Blair, P. J. White, J., concurs; Walker, J., absent.

OPINION
BLAIR

In the Circuit Court of Bates County, George Kowertz was convicted of first degree robbery by means of a dangerous and deadly weapon, for which the jury assessed his punishment at imprisonment in the penitentiary for twenty years. Under th provisions of Laws of 1927, page 173, the trial court thereupon increased his punishment by imposing imprisonment for two years in addition to that assessed by the jury. From the judgment thus rendered, an appeal was granted to this court. Appellant has not furnished us with a brief.

The State's evidence tended to prove the following facts:

The Ballard Banking Company, a banking corporation of Ballard, in Bates County, was entered by appellant and a companion shortly before closing time on November 22, 1928. By means of the fear engendered by their display of revolvers or pistols, these men took from said bank and from Jacob Kedigh and Ray Winegarden, cashier and assistant cashier, respectively, in custody of said bank, about a thousand dollars in money. The robbers then tied the bank officials together and departed in a Hudson automobile, carrying the stolen money in a handbag.

Within about an hour afterwards and near Drexel in the same county and about thirty miles west and north of Ballard, Dr. Fletcher had stopped his automobile by the roadside and was seated therein. He had his shotgun with him and was looking over the surface of a lake or pond near the roadside to see if any ducks were on the water. Two men in a Hudson automobile, driving from the direction of Ballard and answering the general description of the men who robbed the Ballard bank, drove up behind him. They immediately got out and approached Dr. Fletcher's automobile and, by a display of deadly weapons, compelled him to drive them in his automobile toward Kansas City. After proceeding a mile or so, Dr. Fletcher saw that an automobile containing several men would meet his automobile approximately at the ford of a muddy creek or branch and suddenly ditched or mired his automobile so as to make it impossible for either automobile to proceed. After inflicting certain bodily injuries on Dr. Fletcher by way of retaliation or punishment, the two men got out of his automobile, taking the handbag, their own weapons and Dr. Fletcher's shotgun. After threatening the occupants of the second automobile, these men commandeered said automobile and drove the same toward Kansas City and escaped.

One week later appellant and one Seeton were arrested while they were in bed together in a rooming house in Kansas City. Appellant was identified at the trial by Kedigh and Winegarden as one of the men who entered the bank and robbed it. Dr.

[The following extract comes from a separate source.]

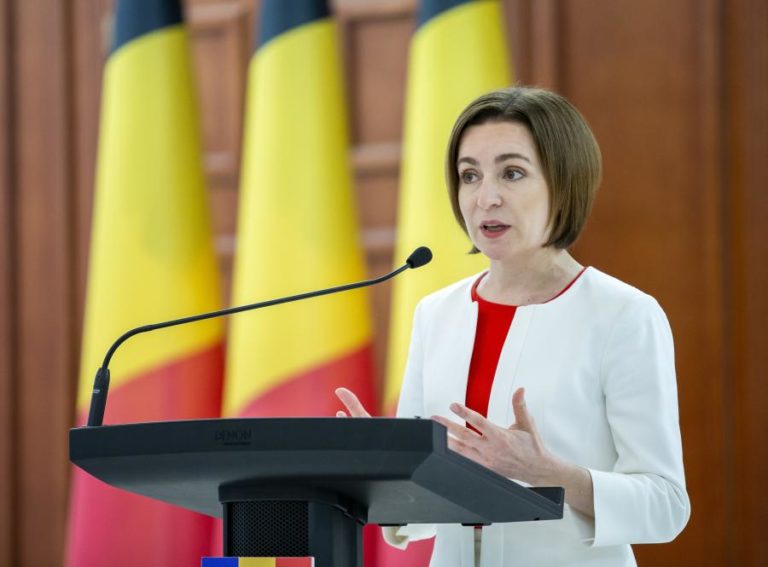 Presidente da Moldova reúne Conselho de Supremo de Segurança após explosões na Transnístria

Fletcher identified him as one of the men who seized him and his automobile and attempted to compel him to drive them to Kansas City. Dr. Fletcher also identified a shotgun produced at the trial as the shotgun taken from him by these men. The barrel had been sawed off since it was taken from him. It was not shown that appellant was in possession of the gun at the time of his arrest or at any time other than when it was taken from Dr. Fletcher's automobile.

Testifying in his own behalf, appellant said that he was a graduate physician. He denied participation in the robbery of the bank at Ballard, and said he was in Kansas City on the day it occurred. It appeared from the testimony of appellant's wife that he had served a term in the Federal prison at Leavenworth, Kansas. The nature of his offense was not shown.

By a Mrs. Murray, the keeper of the rooming house in Kansas City, and her negro maid and other witnesses, it was shown that appellant was at said rooming house or elsewhere in Kansas City during the entire day of November 22nd. If the jury had believed appellant's alibi evidence, it would necessarily have found him not guilty. Appellant also offered testimony which tended to show that Cashier Kedigh was unable to identify appellant when he first saw him after his arrest in Kansas City.

It is manifest from the foregoing brief sketch of the facts developed in evidence that there was sufficient evidence to authorize the jury to find that appellant was one of the men who held up Kedigh and Winegarden and robbed the bank at Ballard, Missouri, November 22, 1928.

It is contended that the venue of the crime was not properly shown. Kedigh said that the robbery was committed in Ballard, in Bates County. Other testimony tended to show that the crime was committed in Missouri. It was shown that the bank robbed was in Ballard, Missouri. There was, therefore, substantial evidence tending to show that the crime was committed in Bates County, Missouri.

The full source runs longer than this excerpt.